長男は次男が生まれてからというもの、自分だけを見て構ってもらうということがなくなっていたので親子二人旅は楽しかったそうな。次男は次男で長男に比べて全てにおいて2回目で両親の注目も少ない。次男の方が常日頃から自分に注目を集めるための我儘や悪戯が多いように感じる。
そんなわけで今回は次男の番。次男を連れて奥多摩の御岳山の宿坊へ。青梅快速に乗り、バスに乗り、ケーブルカーに乗る。あれこれ乗り継ぐだけで幼児にはすでに楽しいし、段々と田舎に、山奥に、山頂にと景色が移り変わるのも楽しい。
武蔵御嶽神社までは舗装された道路に石段なので幼児にも歩ける。適度な運動で疲れてもらって、食事後にはぐっすりと静かに寝入ってもらうのが理想的だ。
大人だけだと御岳山の入口に過ぎない武蔵御嶽神社だけれども幼児からしたらかなりの石段の連続だ。本人としては頑張った様子。
何度も参拝しているが初めて御朱印を頂くかもしれない。美麗な筆跡。
今回の宿はこちら、「西須崎坊 蔵屋」。山頂集落で最も武蔵御嶽神社に近く、最も標高の高い位置にある宿坊だそうだ。
部屋数は6つほどか。眺望のある側と、参道側の離れに分かれていて案内されたのは参道側の離れの8畳間だった。個室からは参道が見え、眺望はない。部屋にトイレが付いていて幼児連れには有難い。室内の調度品に特に目を惹くものはなく、壁の絵も川合玉堂や平山郁夫といった画家の作品ではなく、レプリカだ。ホームページで見るよりは古びた印象だが清潔にされている。エアコンは無く、扇風機が一つあるだけだが十分だろう。
風呂は温泉ではないものの、清潔でそう昔でない頃にリフォームされたと思われるタイル張りの浴槽。外からは晴れていると遠くに街の夜景が見られる自慢の「天空風呂」だそうだ。真夏だが、山頂は涼しく、温かい風呂が最高に気持ち良い。
息子は熱すぎて入らないなどと言っていた割に、お湯に浸かっていた。
大きな40畳の広間にテーブルと椅子が並べられており、そこが食堂となっている。脇には立派な神棚があり、かつては講の巡礼者達を受け入れていた宿坊であったことが偲ばれる。
調度品に風格を感じる。
食事は全宿泊者が18時から広間で頂く。幼児にはチャイルドチェアこそないものの、椅子の上に座布団が2枚重ねられ、プラスチックのカトラリーやスプーン、フォークも用意されており、歓迎されていることが嬉しい。
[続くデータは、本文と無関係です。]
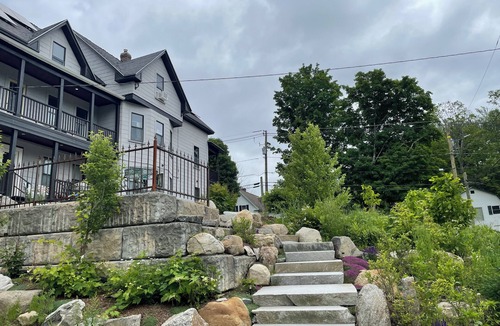 Sunapee Apartment | Large Sunny Main Floor Historic Apartment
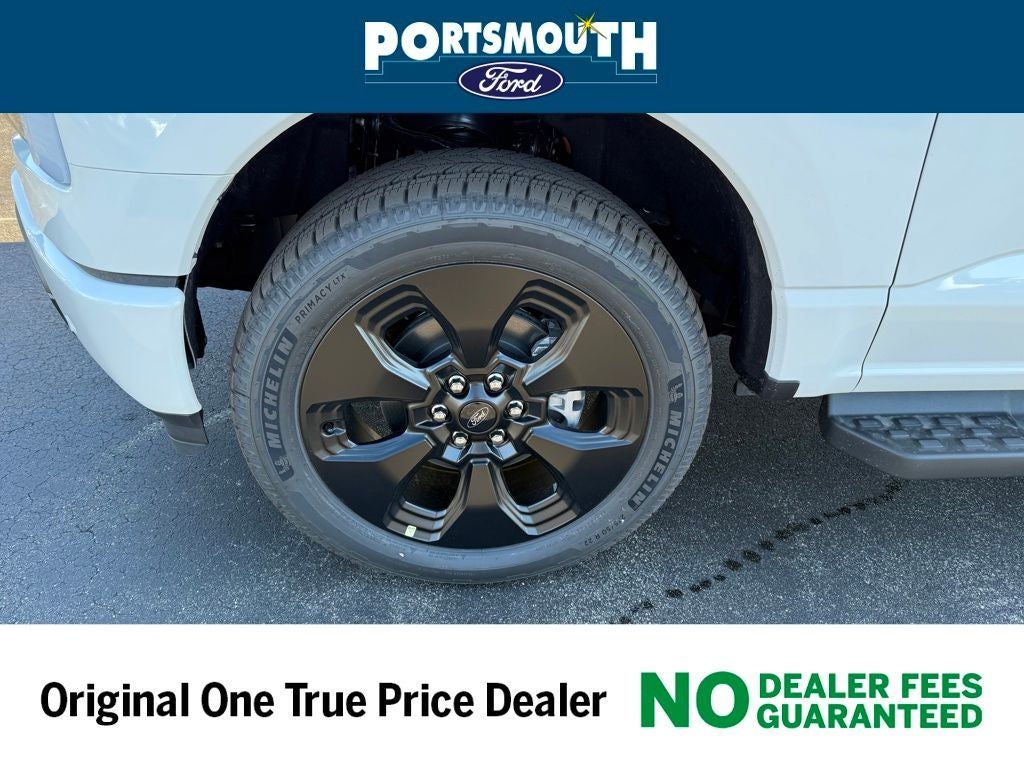 2025 Ford F-150 Lightning Platinum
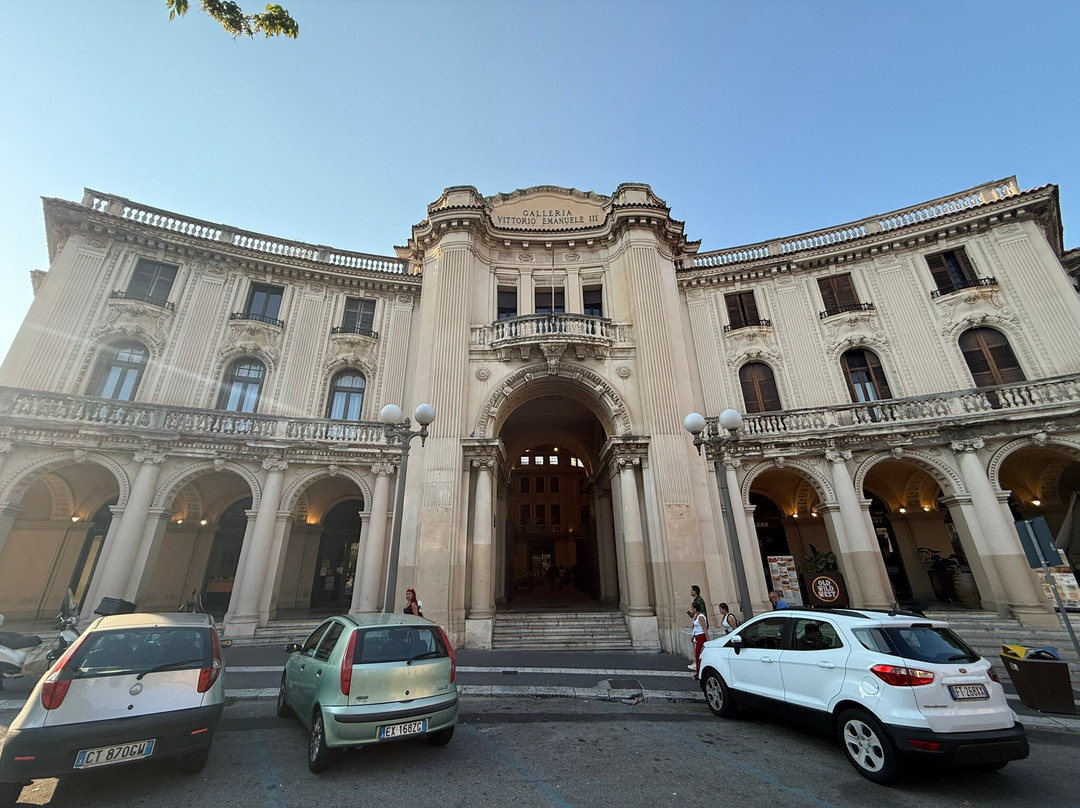 Galleria Vittorio Emanuele III-墨西拿必去景点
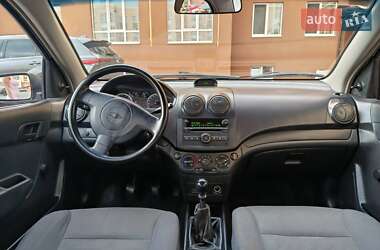 Седан Chevrolet Aveo 2006 в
先付として大人はトマトやオクラを固めたもの、エシャロットの味噌付け。
刺身蒟蒻に茶碗蒸し。安っちいスーパーの添加物まみれの刺身蒟蒻ではなく、御岳の集落で作っているものっぽい。
冬瓜の海老餡掛け。ほんのり甘く、柚子の酸味が爽やかで海老のコクもある。こういうものを丁寧に美味しく作れるようになりたい。このひとかけの柚子皮を入手するのが厄介なのだよな。
鮎の塩焼き。
頭から食べても苦味が抑えめで香り高い小振りの鮎。このサイズからして天然だろうか。ドクダミが描かれた皿との組み合わせも軽妙だと思った。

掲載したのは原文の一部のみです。